# Detecto Object Detection Tutorial



**See tutorials:**
- https://www.analyticsvidhya.com/blog/2021/06/simplest-way-to-do-object-detection-on-custom-datasets/

- https://github.com/alankbi/detecto

**and**
- https://towardsdatascience.com/build-a-custom-trained-object-detection-model-with-5-lines-of-code-713ba7f6c0fb

Segmentation in the context of computer vision refers to the process of dividing an image into multiple segments or regions. Object segmentation, in particular, involves identifying and delineating individual objects within an image. Detecto is an open-source Python library designed for object detection tasks. Detecto is built on top of PyTorch, a popular open-source deep learning library.

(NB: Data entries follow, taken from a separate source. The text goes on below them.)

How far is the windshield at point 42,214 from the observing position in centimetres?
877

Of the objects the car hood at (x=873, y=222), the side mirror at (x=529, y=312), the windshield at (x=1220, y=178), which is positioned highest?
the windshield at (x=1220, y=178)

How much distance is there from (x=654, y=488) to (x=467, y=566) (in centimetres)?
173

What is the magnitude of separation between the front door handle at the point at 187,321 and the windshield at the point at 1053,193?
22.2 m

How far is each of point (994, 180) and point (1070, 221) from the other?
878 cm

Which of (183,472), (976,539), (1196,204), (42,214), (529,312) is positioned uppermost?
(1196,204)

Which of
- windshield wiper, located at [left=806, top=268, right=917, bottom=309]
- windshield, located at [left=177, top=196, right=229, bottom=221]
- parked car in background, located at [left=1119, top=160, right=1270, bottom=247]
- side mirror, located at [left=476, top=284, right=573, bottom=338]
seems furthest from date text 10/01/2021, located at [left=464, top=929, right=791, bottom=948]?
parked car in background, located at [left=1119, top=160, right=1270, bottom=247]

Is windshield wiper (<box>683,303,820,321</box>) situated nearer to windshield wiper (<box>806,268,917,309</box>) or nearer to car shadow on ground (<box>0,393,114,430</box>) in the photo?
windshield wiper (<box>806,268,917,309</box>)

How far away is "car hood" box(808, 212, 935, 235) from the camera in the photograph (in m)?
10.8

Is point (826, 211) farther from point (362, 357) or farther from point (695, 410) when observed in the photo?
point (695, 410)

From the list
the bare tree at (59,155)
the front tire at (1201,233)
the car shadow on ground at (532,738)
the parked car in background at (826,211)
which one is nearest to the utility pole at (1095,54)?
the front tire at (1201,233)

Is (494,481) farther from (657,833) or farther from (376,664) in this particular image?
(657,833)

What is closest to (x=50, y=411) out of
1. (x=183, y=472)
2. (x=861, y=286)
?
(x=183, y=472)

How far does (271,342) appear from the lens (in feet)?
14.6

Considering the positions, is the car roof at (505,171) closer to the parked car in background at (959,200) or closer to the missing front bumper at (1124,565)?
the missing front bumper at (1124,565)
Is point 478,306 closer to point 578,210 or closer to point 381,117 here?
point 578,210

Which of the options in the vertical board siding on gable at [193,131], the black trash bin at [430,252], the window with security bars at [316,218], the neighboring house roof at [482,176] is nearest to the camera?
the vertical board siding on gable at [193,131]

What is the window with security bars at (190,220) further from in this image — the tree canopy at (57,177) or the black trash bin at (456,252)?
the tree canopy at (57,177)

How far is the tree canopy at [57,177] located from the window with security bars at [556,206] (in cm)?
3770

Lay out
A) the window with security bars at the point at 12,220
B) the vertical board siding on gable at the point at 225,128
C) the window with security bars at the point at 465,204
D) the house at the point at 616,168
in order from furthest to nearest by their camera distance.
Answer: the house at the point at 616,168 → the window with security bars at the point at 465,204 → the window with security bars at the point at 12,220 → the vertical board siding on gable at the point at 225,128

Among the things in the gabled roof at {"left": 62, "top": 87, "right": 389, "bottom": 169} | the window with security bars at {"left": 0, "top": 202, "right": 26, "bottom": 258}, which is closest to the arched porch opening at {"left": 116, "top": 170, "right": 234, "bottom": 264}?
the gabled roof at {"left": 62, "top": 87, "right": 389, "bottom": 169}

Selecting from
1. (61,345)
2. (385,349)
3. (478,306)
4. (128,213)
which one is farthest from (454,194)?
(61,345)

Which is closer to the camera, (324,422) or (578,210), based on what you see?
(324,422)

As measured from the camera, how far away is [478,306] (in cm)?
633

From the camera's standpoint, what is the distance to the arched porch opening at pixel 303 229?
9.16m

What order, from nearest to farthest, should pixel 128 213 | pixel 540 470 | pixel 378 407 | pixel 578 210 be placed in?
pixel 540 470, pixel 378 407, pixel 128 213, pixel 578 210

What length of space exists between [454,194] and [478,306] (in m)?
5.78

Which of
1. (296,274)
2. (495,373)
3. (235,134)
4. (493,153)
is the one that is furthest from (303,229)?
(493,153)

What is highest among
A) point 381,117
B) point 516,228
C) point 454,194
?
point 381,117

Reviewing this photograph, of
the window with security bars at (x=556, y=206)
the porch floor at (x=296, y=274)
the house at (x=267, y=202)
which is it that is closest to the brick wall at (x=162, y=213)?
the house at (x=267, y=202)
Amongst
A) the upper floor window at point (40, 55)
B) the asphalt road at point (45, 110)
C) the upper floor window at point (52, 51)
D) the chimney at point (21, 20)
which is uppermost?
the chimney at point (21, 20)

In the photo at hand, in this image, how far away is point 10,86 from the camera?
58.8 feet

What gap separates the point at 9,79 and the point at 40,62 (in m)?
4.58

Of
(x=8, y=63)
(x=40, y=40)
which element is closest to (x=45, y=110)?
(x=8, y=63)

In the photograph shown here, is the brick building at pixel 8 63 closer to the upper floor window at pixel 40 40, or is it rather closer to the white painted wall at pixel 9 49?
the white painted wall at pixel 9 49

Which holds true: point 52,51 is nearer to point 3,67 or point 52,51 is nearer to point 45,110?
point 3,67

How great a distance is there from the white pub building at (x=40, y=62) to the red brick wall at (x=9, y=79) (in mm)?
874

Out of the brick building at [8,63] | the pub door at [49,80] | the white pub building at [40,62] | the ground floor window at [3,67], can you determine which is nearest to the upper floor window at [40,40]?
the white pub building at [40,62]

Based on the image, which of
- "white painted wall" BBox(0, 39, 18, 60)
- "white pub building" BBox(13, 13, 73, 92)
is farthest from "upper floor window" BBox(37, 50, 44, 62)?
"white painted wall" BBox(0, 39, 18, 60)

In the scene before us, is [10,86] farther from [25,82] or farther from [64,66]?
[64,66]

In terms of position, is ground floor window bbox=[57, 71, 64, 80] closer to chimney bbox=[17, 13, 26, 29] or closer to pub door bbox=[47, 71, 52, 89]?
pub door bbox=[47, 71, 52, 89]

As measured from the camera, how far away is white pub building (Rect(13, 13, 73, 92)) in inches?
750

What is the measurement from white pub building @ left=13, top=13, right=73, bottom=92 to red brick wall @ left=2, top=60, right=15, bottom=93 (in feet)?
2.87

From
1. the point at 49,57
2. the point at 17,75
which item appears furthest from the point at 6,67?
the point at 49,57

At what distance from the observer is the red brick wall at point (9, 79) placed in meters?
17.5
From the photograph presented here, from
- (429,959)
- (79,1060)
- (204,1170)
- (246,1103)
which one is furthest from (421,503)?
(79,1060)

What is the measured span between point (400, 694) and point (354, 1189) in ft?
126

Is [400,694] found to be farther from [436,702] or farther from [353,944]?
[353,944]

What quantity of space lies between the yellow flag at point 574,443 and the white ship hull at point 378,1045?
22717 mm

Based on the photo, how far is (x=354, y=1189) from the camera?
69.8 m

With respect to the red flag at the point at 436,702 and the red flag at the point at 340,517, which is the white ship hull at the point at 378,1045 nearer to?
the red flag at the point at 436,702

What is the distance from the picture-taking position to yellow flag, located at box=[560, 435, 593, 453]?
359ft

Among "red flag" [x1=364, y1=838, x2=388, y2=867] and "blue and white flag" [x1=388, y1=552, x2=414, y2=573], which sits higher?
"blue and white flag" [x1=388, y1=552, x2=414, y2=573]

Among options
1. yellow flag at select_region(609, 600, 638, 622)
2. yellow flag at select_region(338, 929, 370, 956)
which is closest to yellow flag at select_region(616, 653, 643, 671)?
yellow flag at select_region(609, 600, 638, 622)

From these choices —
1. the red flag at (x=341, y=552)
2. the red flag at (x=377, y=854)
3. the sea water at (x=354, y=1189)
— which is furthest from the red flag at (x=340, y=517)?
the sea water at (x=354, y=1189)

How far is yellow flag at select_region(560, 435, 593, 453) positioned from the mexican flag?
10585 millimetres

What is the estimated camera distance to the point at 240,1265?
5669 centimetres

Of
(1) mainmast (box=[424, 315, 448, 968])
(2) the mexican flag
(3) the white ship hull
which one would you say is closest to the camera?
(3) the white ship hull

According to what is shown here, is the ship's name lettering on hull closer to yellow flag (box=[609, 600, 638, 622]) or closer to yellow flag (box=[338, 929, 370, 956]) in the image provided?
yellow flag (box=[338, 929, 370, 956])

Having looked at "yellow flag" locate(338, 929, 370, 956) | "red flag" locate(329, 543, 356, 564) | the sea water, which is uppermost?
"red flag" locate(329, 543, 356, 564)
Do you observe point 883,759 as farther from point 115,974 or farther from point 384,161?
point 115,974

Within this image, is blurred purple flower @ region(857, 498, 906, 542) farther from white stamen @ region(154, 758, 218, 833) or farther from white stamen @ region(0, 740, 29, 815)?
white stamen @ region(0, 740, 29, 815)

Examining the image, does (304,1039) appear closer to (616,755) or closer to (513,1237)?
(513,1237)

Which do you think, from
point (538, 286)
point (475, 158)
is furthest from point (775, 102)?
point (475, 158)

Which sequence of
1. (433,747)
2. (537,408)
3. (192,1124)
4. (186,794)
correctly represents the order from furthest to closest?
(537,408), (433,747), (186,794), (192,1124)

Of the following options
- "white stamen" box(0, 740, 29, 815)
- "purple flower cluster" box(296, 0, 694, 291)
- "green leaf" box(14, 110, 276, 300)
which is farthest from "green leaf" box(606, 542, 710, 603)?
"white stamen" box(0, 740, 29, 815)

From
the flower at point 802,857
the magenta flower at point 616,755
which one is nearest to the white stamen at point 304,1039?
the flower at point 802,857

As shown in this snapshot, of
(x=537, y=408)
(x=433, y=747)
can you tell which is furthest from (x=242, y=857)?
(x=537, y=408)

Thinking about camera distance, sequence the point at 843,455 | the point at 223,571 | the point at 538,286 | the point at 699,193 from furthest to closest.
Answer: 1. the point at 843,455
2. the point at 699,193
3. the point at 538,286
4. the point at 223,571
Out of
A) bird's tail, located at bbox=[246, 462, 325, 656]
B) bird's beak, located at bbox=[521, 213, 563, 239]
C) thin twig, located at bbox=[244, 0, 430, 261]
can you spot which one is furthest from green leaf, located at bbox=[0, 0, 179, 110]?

**About detecto**: https://detecto.readthedocs.io/en/latest/

# Install PyTorch and Detecto

In [None]:
#!pip3 install torch torchvision

In [None]:
# Check whether your computer has a CUDA-enabled GPU - to increase computing performance
import torch
print(torch.cuda.is_available())

In [None]:
#!pip install detecto

# Import librairies

In [None]:
# Detecto
from detecto import core, utils, visualize
from detecto.visualize import show_labeled_image, plot_prediction_grid
from detecto.utils import read_image

# If you use Google Colab
from google.colab import drive

# TorchVision
from torchvision import transforms

# Third-Party Librairy
import matplotlib.pyplot as plt
import numpy as np
import os
import glob, os
import pandas as pd
import plotly.express as px

# Path to target folders in Google Drive

In [None]:
drive.mount('/content/drive')

os.chdir('Path to your training data repository')

## Custom image augmentation

In [None]:
"""Defines a comprehensive data transformation pipeline using PyTorch's torchvision.transforms module.
The pipeline consists of a series of image transformations commonly employed in deep learning tasks,
particularly for convolutional neural networks (CNNs) and image datasets."""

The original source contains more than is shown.